▶ [What the exercise asks] What should be copied is the stretch of entries below from the line with "Fujifilm X-T1 16.3MP" up to and including the line with "Yafe Floor Lamp - Image 3", exactly and without images.

▶ [Supplied records]

- - - - -

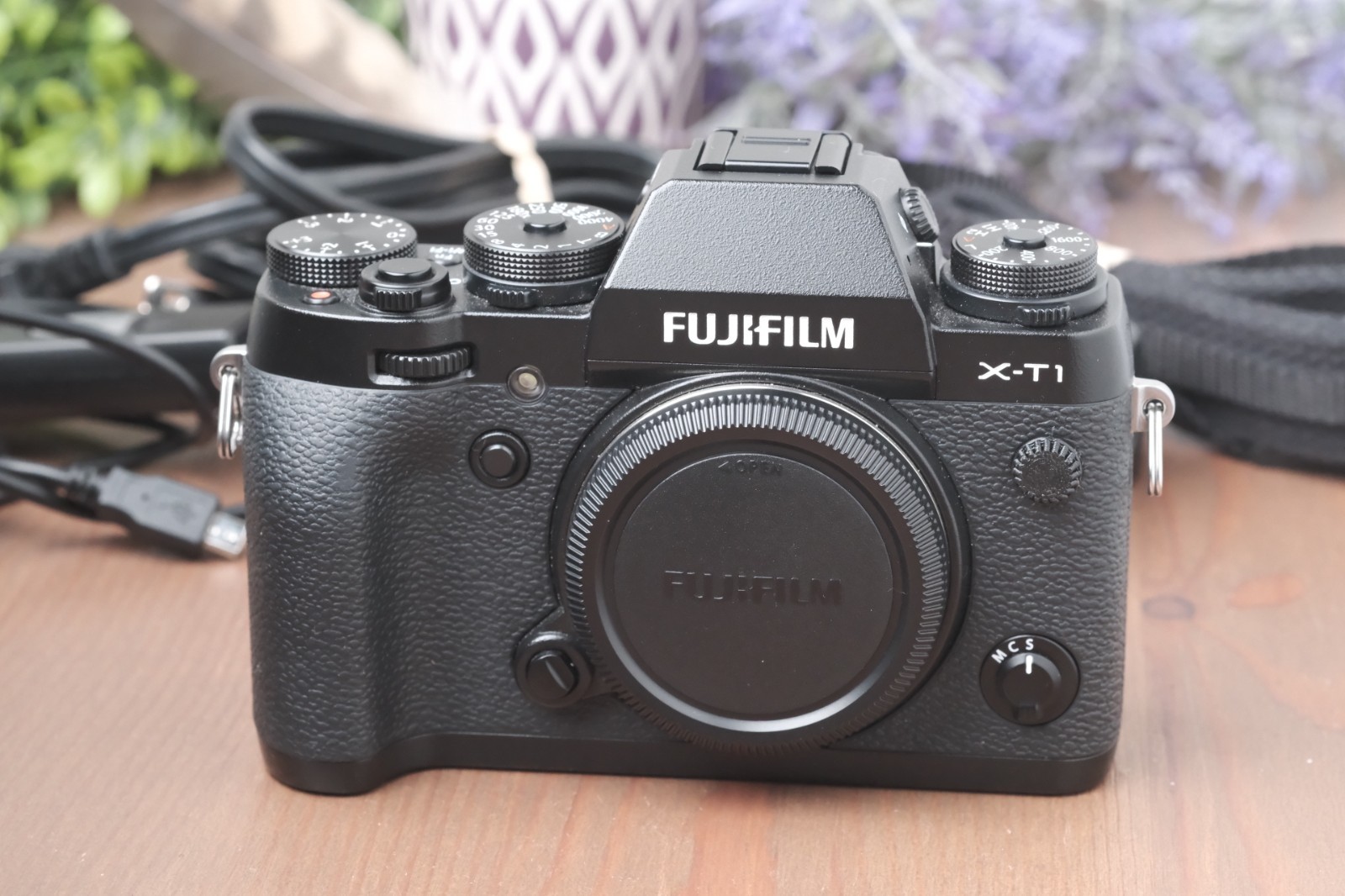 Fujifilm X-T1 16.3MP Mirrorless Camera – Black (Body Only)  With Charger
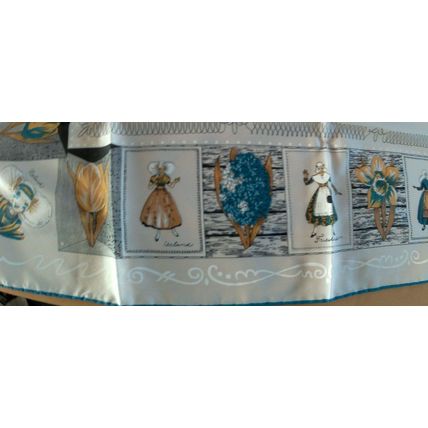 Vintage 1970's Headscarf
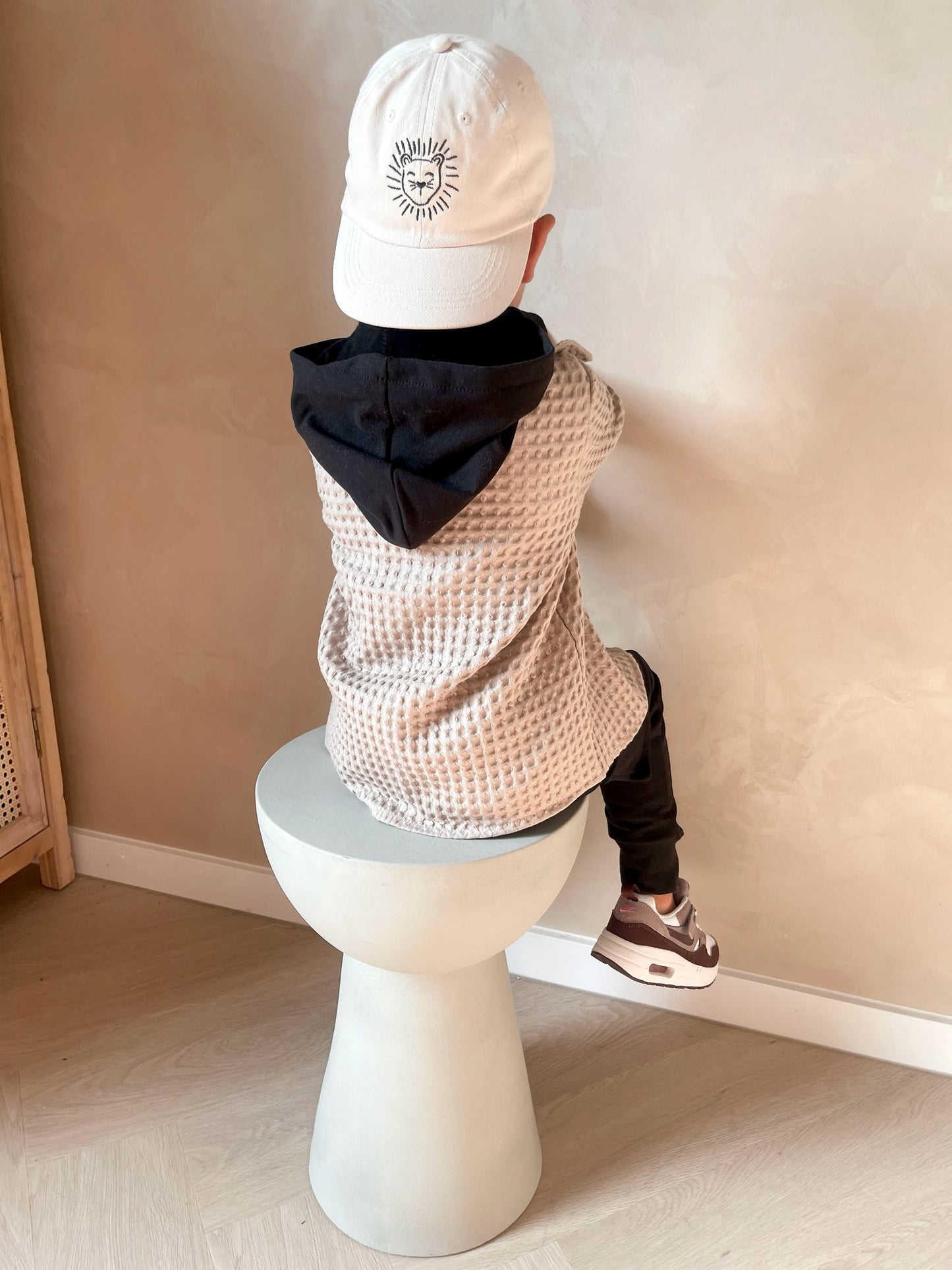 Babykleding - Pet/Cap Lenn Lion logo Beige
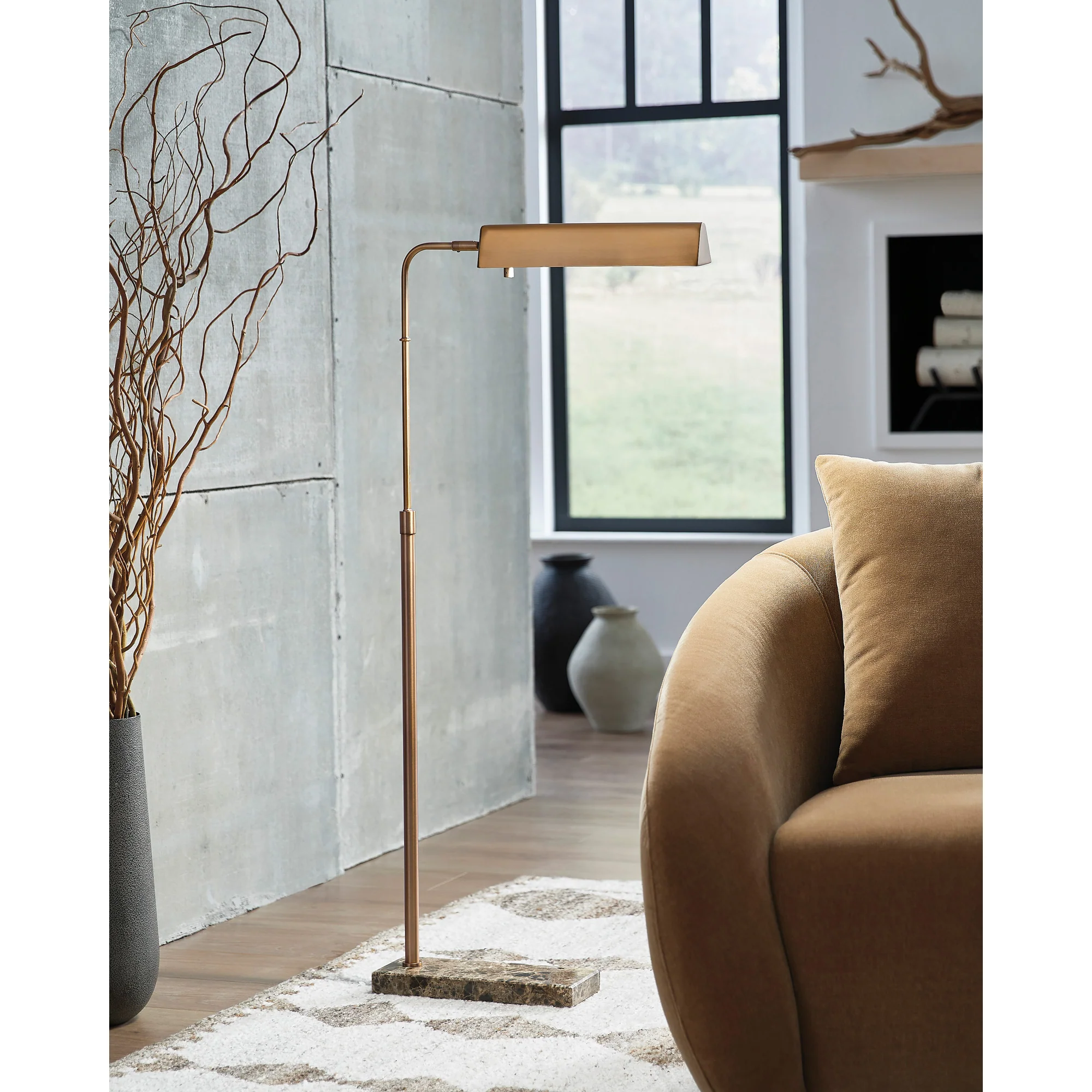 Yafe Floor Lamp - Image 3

- - - - -

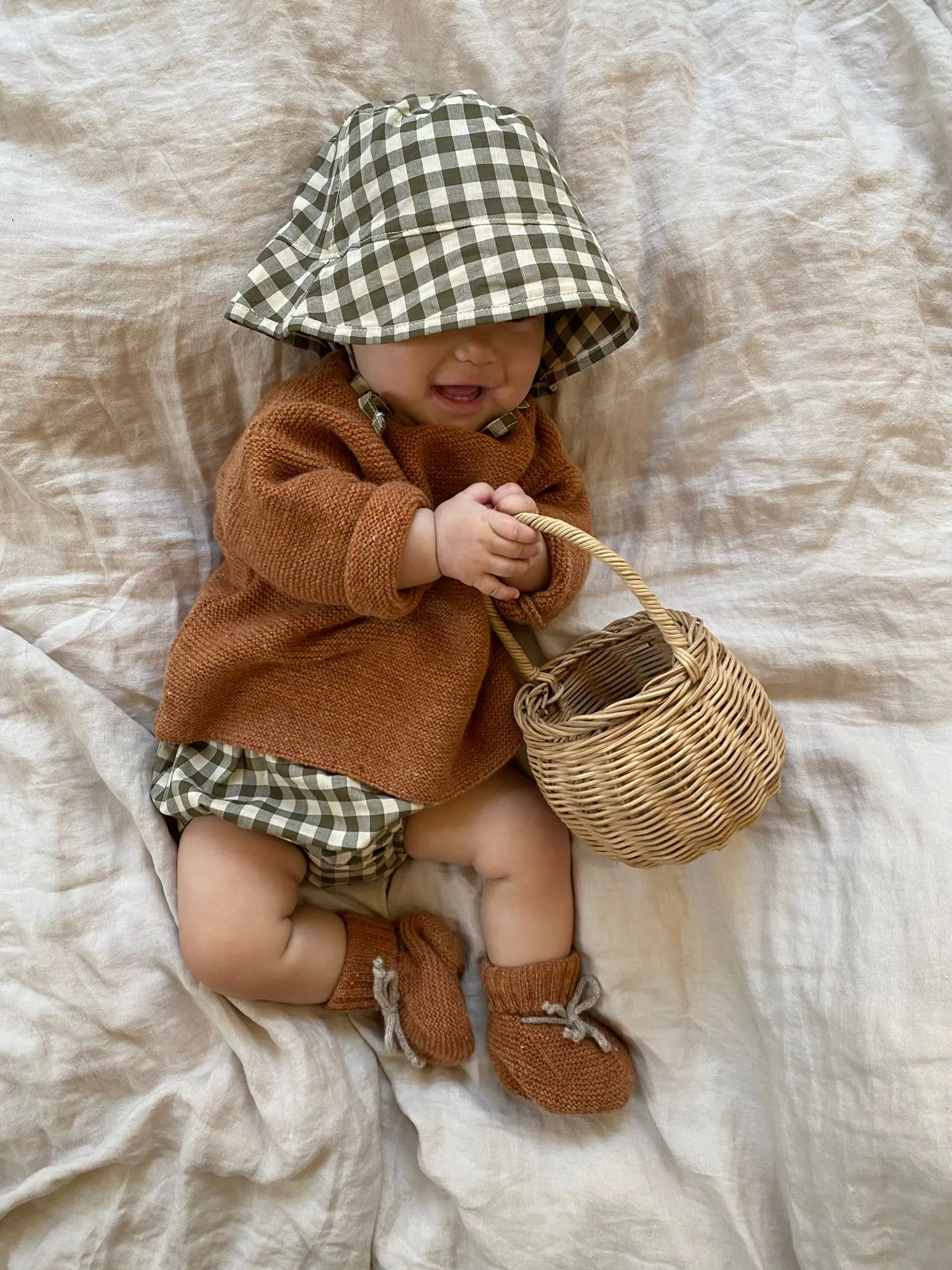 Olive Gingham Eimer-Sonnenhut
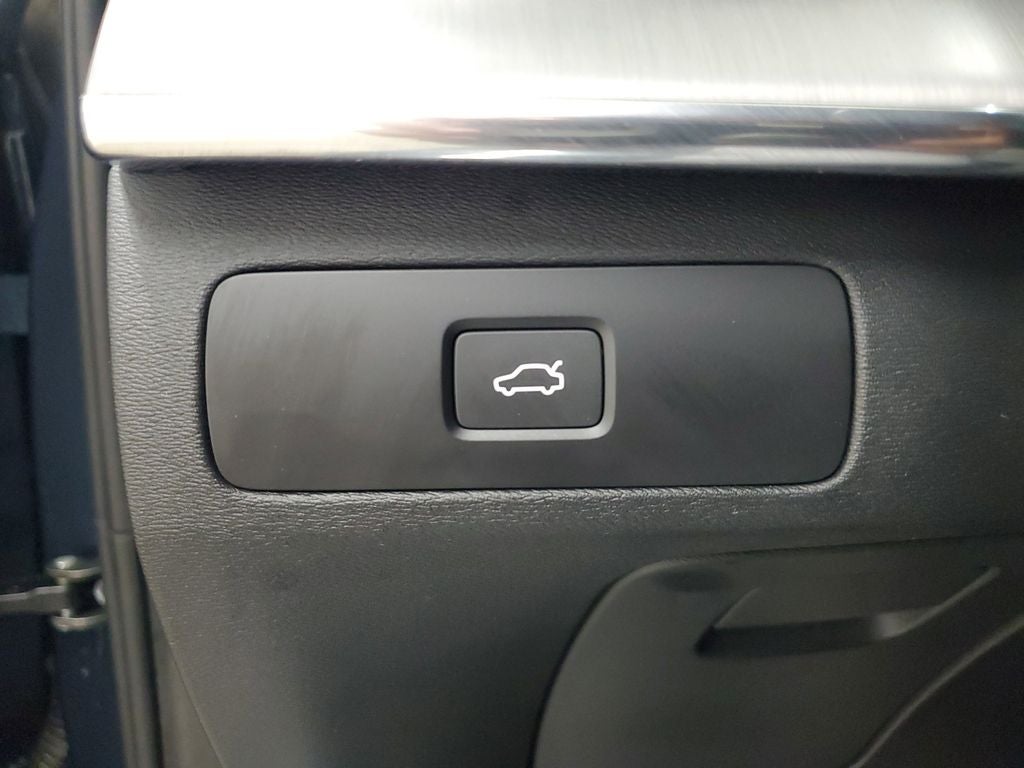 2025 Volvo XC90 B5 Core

- - - - -

▶ [Response box]
 Fujifilm X-T1 16.3MP Mirrorless Camera – Black (Body Only)  With Charger
 Vintage 1970's Headscarf
 Babykleding - Pet/Cap Lenn Lion logo Beige
 Yafe Floor Lamp - Image 3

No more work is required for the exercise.